We have compared the centroids shown in Fig. 1 to those computed using a full-hemispheric domain (north of 20°N) in order to provide a test of the sensitivity to the choice of lateral boundary. The two sets of patterns (not shown) are nearly identical over the hemispheric region 150°–30°W. The clusters that we have called the AH and AL have elements of both the Northern Hemisphere annular mode (Thompson and Wallace 2000) and the NAO (Hurrell 1995).
As in SM04, consistency with respect to variable and region also hold for values of k other than 4; however, it is important to note that they do hold for k = 4.

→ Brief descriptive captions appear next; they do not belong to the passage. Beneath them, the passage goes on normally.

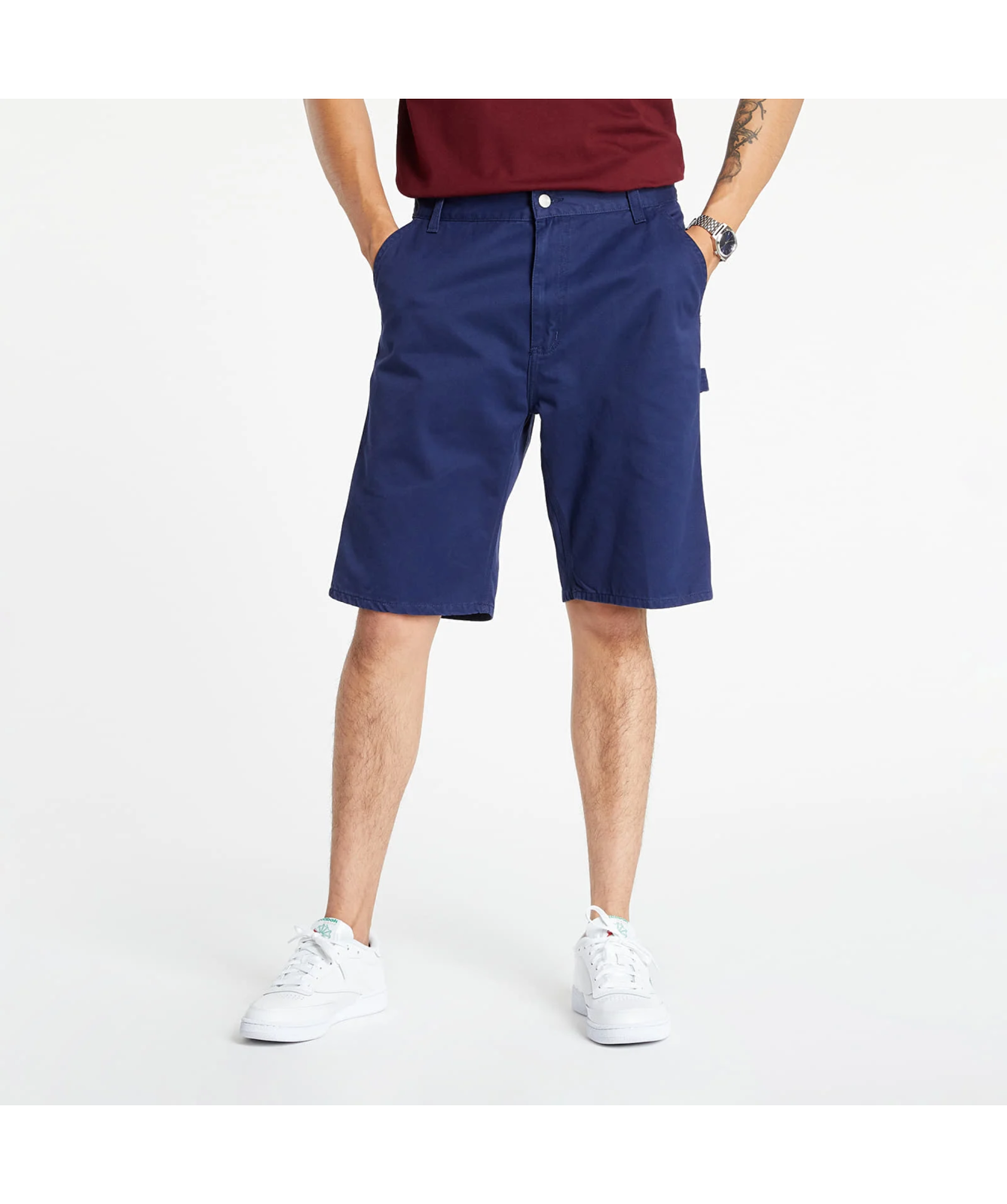 Carhartt WIP Ruck Single Knee Short | Navy - I024892_1CY_06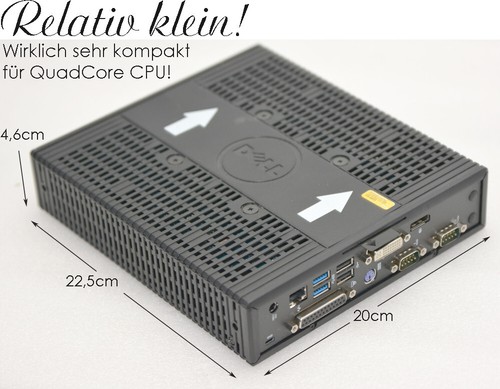 Mini Computer Dell Quadcore CPU 64-Bit SSD LPT Parallel RS-232 Serial USB V290 - Picture 4 of 6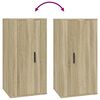 vidaXL Vegghengt TV-benk sonoma eik 40x34,5x80 cm
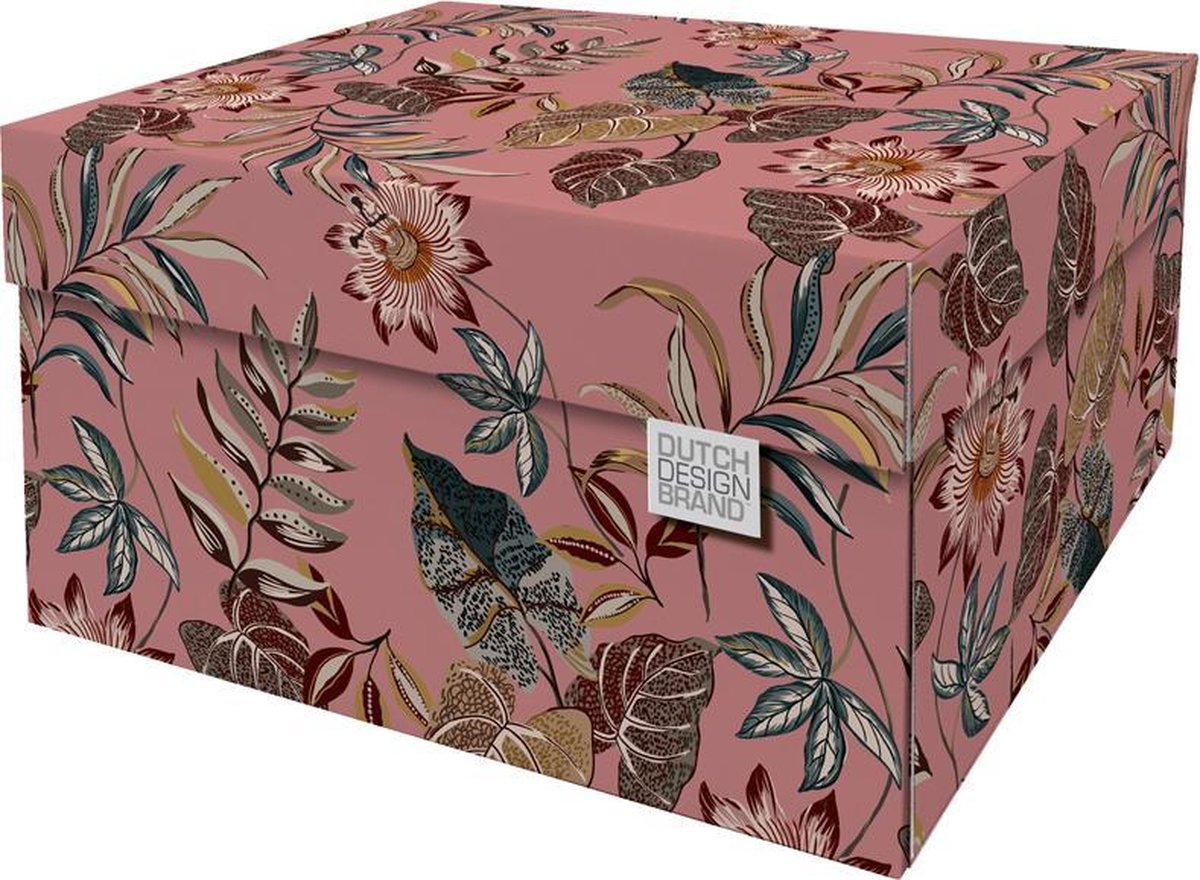 Dutch Design Brand - Dutch Design Storage Box - Opbergdoos - Opbergbox - Bewaardoos - Bloemen - Floral Garden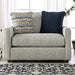 CHANCERY Chair & Half, Gray/Navy - Inland Furniture (San Bernardino, CA)
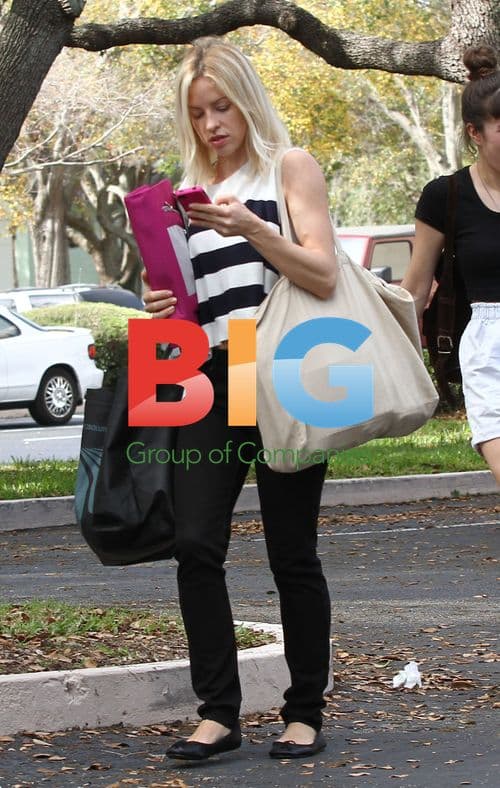 Heidi Bivens Heads to Yoga Class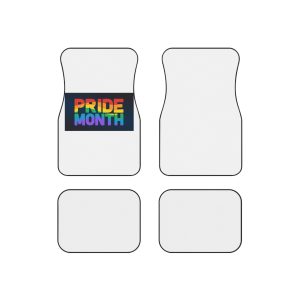 Lgbt Pride Rainbow Flag Lettering Banner Poster Social Media Pride Calligraphy With Car Mats Set Of 4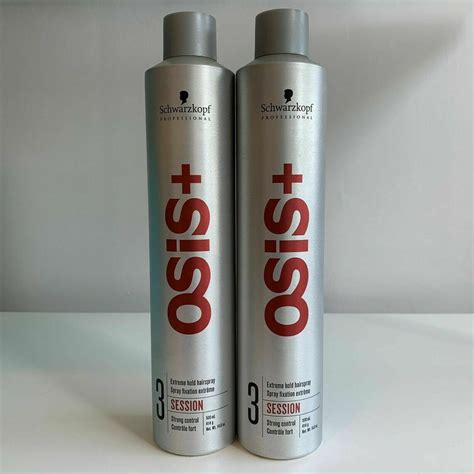 Schwarzkopf OSiS Finish Session Extreme Hold Hairspray 500ml PACK OF 2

Finally, we show that the patterns given in Fig. 1 for NCEP54 are consistent with the cluster centroids obtained using other combinations of PCs retained and quasi-stationary filtering parameter α. Table 5 reports the average pattern correlation between the clusters of the standard NCEP54 calculation (six PCs, α = 0.50) and a number of other configurations. For each pair of configurations and for each k all possible pairwise matchings are considered, and the matching with the maximum average correlation is chosen.
5. Clusters of the Grand Ensemble
The cluster centroids of geopotential height for k = 4 are shown for the “Grand Ensemble” with the standard parameters (six EOFs, α = 0.50) in Fig. 4. Compared to Fig. 2, we are able to easily recognize the counterpart of the NCEP18 Alaskan ridge, Arctic low, and the Pacific trough from the simulations (Figs. 6a–c). (The corresponding pattern correlations are 0.74, 0.76, and 0.84.) The AH cluster in nature is replaced in the GCM results with a distinctive zonally oriented wave train pattern (Fig. 6d).

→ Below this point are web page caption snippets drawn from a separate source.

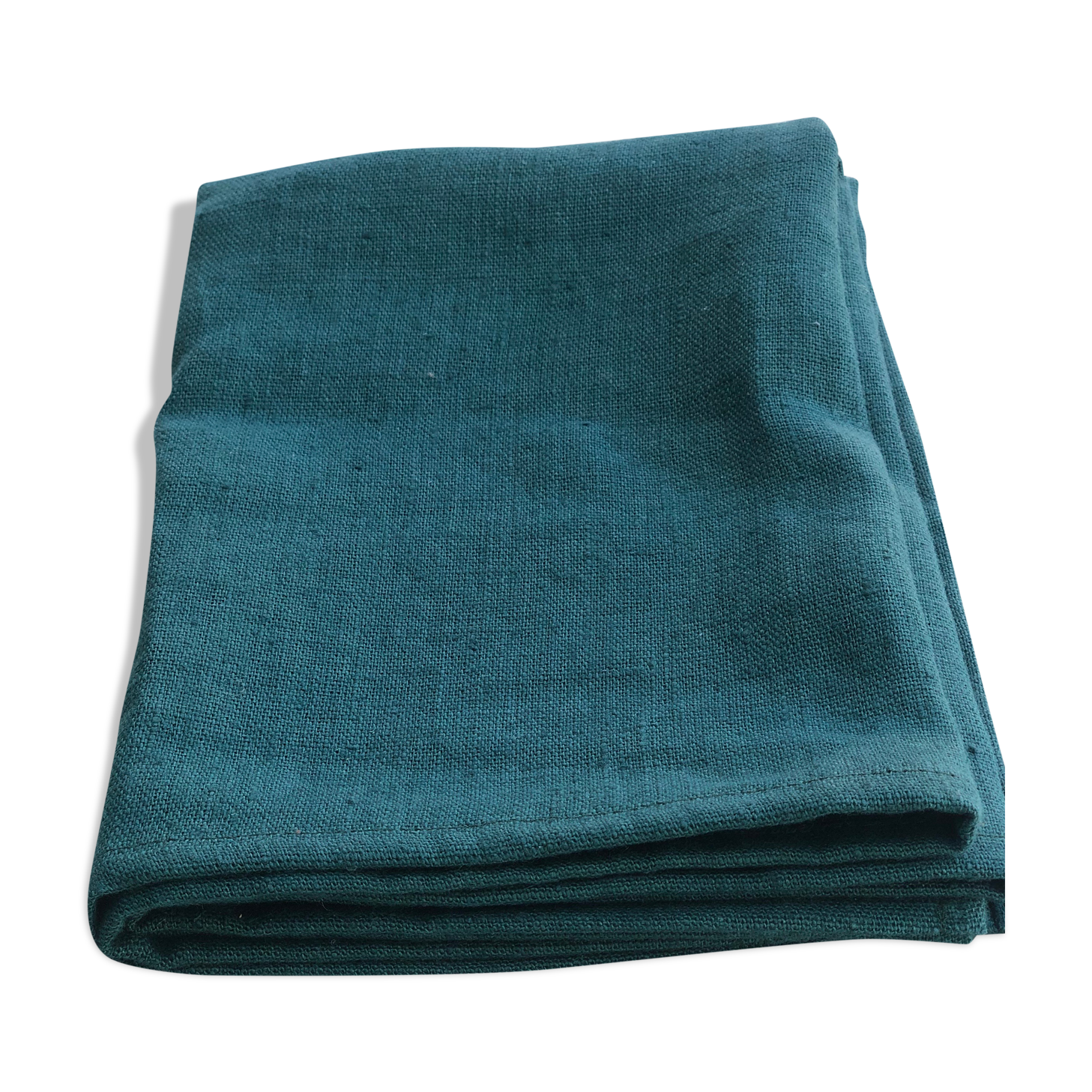 Green Red linen Torchon Fir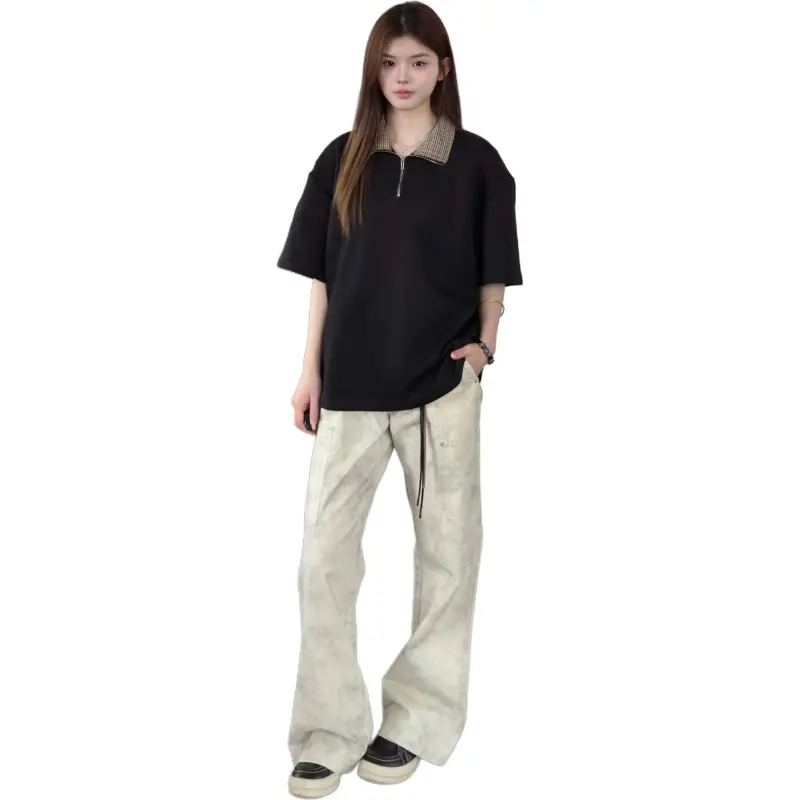 PAINT STAIN T Shirts Unisex Black[High Quality]-3
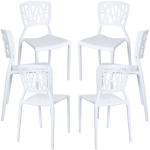Conjuntos de 6 sillas blancas rebajadas 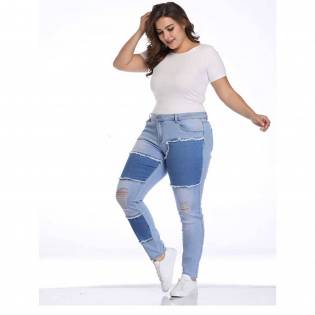 cool plus size angels elastic denim jeans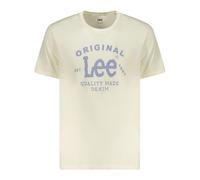 Lee, Homme, Tops, Beige, Taille: 2XL Big Logo Tee
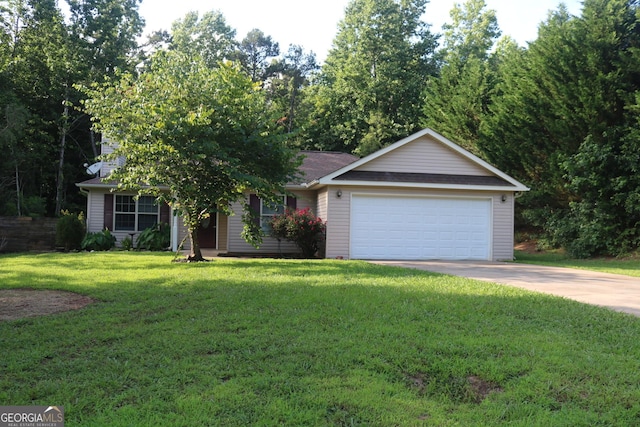 320 Cainbridge Mdws, Demorest, GA 30535 - ranch-style home featuring a front yard, an attached garage, and driveway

Despite the overall pattern agreement for the AR, AL, and PT regimes, there are some differences. To assess these differences, we compute the pattern correlation for each regime from the cluster analyses based on each of the 55 members of the EXP18 samples, and the cluster analysis based on the entire GE18. From these values we construct a probability distribution function, which is shown for each regime in Fig. 5. We match the regime centroids in each of the EXP18 sample clusters with those in the GE18 as before, by considering all possible pairings of k centroids and retaining the pairing with the largest average correlation. The width of the PDFs for the AL and AH patterns indicates that these clusters, although significant within the entire GE18, are less reproducible across samples than the AR and PT. In fact, if only two clusters are retained in the GE18 analysis (k = 2), the centroids obtained strongly resemble the AR and PT (not shown).

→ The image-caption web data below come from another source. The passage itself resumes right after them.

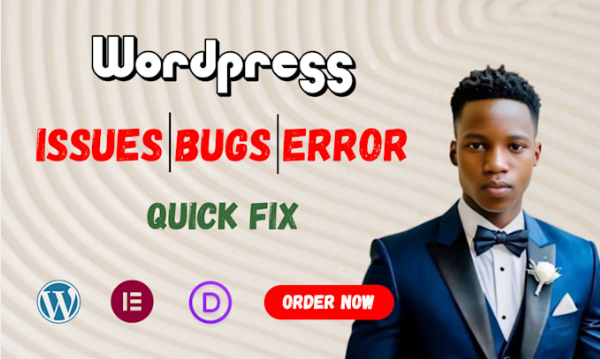 Fix WordPress Issues, Divi, Elementor, WooCommerce Bugs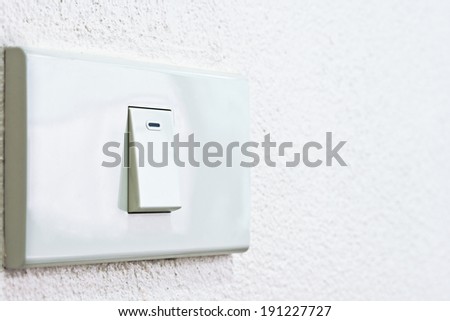 The power switch is pressed in turn on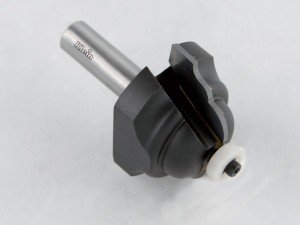 Hw edge moulding bits with ball bearing guide z=2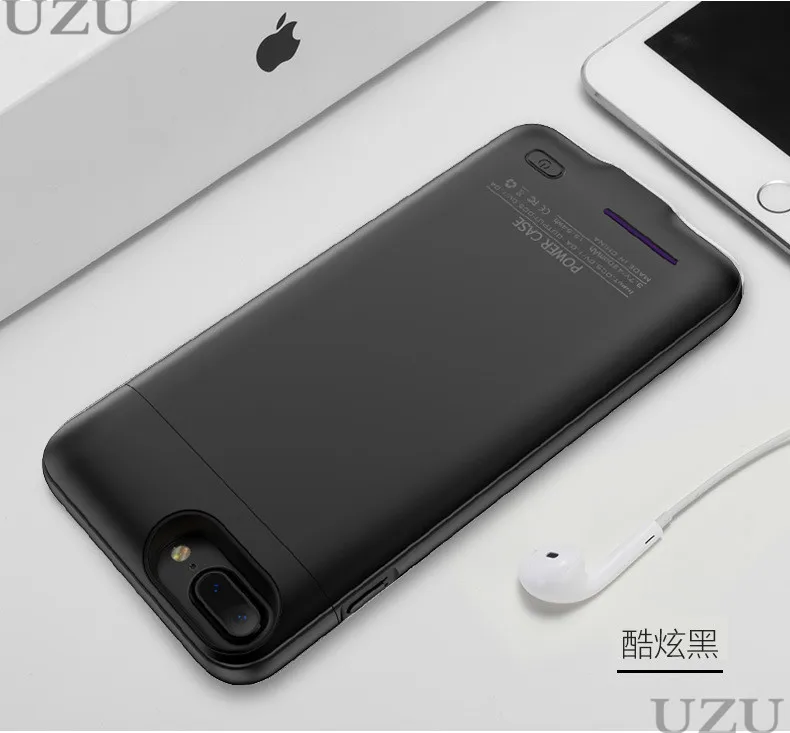 3000 мАч подставка держатель зарядное устройство чехол для iphone 6 6s 7 8 внешняя Магнитная Беспроводная зарядка для iphone 6 6s 7 8 роскошный 2 в 1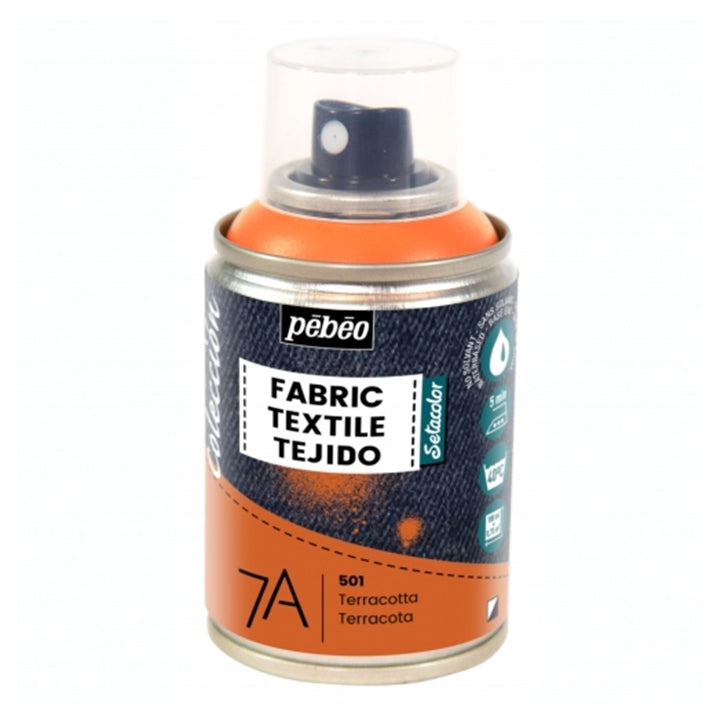 Pebeo 7A Textilspray auf Wasserbasis für Stoffe aus Natur- und Kunstfasern.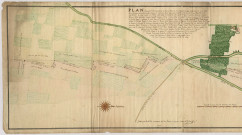Plan figuratif de la séparation du terroir d'Aire et de celui de Blanzy (1751), Chollet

For the AR and PT regimes, the PDF of pattern correlation has most of its weight at values higher than the pattern correlation between the NCEP18 and GE18 centroid (shown as a vertical line in Fig. 5), indicating that the subtle differences between simulated and observed patterns are in fact significant vis-à-vis expected sampling variations. The AL correlation of 0.76, however, lies within the (wide) range indicated by the sampling PDF, so we can say that this simulated regime pattern has statistically significant agreement with the reanalyses.
The formal significance tests of the GE cluster analysis indicates 100% significance for every value of k tested, from 2 to 6. This is in part due to the size of the dataset (24 independent states for each of 55 ensemble members for each of 18 winters yields 23 760 states): even a modest degree of clustering is very rarely reproduced with a multinormal synthetic dataset of this size.
The frequency of occurrence of the AR, PT, and AL for the GE are compared to those observed (NCEP18) for the same winters in Table 2. While the PT is visited as frequently as observed, the AR is somewhat less common, while the AL is somewhat more common. The GCM underestimate of the AR frequency is consistent with the general underprediction of blocking in most models (see Watson and Colucci 2002 and references therein).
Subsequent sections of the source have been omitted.